Collected data
☆ ☆ ☆ ☆ ☆
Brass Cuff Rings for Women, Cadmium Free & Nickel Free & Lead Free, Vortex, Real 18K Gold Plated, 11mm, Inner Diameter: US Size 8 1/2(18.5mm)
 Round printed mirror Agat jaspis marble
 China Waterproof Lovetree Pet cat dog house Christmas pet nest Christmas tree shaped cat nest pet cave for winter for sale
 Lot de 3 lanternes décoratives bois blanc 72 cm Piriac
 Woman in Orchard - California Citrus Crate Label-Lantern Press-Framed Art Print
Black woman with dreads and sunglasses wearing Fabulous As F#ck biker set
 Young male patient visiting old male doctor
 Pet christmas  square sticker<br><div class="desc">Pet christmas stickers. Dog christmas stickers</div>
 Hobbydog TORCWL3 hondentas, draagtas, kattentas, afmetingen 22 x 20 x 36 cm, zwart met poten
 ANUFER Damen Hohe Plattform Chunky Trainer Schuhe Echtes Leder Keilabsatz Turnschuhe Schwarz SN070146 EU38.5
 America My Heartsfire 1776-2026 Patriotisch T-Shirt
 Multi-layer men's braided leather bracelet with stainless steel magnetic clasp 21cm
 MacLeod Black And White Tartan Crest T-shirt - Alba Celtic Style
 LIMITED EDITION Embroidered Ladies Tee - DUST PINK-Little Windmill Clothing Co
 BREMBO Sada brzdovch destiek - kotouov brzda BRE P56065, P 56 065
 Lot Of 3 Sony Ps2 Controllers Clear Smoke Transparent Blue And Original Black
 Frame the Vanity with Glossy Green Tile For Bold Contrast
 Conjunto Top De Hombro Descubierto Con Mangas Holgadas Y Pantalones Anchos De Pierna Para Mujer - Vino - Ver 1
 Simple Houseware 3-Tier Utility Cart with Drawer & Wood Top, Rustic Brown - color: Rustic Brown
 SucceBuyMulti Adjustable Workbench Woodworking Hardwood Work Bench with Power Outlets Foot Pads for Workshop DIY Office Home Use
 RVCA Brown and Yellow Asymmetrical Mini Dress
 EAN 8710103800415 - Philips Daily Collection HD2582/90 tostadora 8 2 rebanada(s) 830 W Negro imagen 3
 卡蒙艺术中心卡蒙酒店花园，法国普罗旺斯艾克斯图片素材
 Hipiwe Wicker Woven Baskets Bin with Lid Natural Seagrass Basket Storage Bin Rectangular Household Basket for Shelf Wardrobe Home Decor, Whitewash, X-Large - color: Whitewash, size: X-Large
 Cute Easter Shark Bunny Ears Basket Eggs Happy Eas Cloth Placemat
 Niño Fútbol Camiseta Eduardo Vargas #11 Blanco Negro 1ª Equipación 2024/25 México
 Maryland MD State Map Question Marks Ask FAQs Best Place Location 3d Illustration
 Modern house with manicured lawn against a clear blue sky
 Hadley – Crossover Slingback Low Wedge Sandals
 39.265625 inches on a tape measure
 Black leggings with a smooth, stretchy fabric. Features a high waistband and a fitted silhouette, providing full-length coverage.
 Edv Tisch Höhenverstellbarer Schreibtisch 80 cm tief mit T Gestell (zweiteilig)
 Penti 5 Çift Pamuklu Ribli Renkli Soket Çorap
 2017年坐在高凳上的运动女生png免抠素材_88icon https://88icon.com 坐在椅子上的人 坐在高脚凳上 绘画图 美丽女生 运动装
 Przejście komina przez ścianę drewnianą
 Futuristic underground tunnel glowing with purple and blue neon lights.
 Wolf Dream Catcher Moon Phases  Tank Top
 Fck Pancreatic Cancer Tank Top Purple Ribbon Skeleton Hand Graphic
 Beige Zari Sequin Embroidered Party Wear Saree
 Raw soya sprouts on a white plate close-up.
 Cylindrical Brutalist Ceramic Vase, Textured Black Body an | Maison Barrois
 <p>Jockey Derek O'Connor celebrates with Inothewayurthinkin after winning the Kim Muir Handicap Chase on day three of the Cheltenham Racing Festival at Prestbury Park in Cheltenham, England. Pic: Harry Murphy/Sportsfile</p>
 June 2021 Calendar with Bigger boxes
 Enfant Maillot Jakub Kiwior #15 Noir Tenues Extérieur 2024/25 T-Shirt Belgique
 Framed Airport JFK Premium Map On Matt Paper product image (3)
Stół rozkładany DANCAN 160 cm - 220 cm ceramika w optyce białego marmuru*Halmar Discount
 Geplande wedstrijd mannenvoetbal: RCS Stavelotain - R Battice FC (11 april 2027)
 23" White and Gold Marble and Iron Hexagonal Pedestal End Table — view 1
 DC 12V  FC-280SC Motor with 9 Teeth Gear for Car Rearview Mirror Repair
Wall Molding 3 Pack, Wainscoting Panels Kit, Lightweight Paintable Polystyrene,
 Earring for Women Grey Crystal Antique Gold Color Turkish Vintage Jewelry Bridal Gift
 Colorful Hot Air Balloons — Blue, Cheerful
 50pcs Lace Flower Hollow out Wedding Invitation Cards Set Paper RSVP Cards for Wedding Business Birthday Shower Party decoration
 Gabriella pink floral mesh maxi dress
☆ ☆ ☆ ☆ ☆
=== Activity ===
Write out only the lines that run from the line containing "Woman in Orchard" through the line containing "RVCA Brown and", both included, exactly as they appear above.

=== Response ===
 Woman in Orchard - California Citrus Crate Label-Lantern Press-Framed Art Print
Black woman with dreads and sunglasses wearing Fabulous As F#ck biker set
 Young male patient visiting old male doctor
 Pet christmas  square sticker<br><div class="desc">Pet christmas stickers. Dog christmas stickers</div>
 Hobbydog TORCWL3 hondentas, draagtas, kattentas, afmetingen 22 x 20 x 36 cm, zwart met poten
 ANUFER Damen Hohe Plattform Chunky Trainer Schuhe Echtes Leder Keilabsatz Turnschuhe Schwarz SN070146 EU38.5
 America My Heartsfire 1776-2026 Patriotisch T-Shirt
 Multi-layer men's braided leather bracelet with stainless steel magnetic clasp 21cm
 MacLeod Black And White Tartan Crest T-shirt - Alba Celtic Style
 LIMITED EDITION Embroidered Ladies Tee - DUST PINK-Little Windmill Clothing Co
 BREMBO Sada brzdovch destiek - kotouov brzda BRE P56065, P 56 065
 Lot Of 3 Sony Ps2 Controllers Clear Smoke Transparent Blue And Original Black
 Frame the Vanity with Glossy Green Tile For Bold Contrast
 Conjunto Top De Hombro Descubierto Con Mangas Holgadas Y Pantalones Anchos De Pierna Para Mujer - Vino - Ver 1
 Simple Houseware 3-Tier Utility Cart with Drawer & Wood Top, Rustic Brown - color: Rustic Brown
 SucceBuyMulti Adjustable Workbench Woodworking Hardwood Work Bench with Power Outlets Foot Pads for Workshop DIY Office Home Use
 RVCA Brown and Yellow Asymmetrical Mini Dress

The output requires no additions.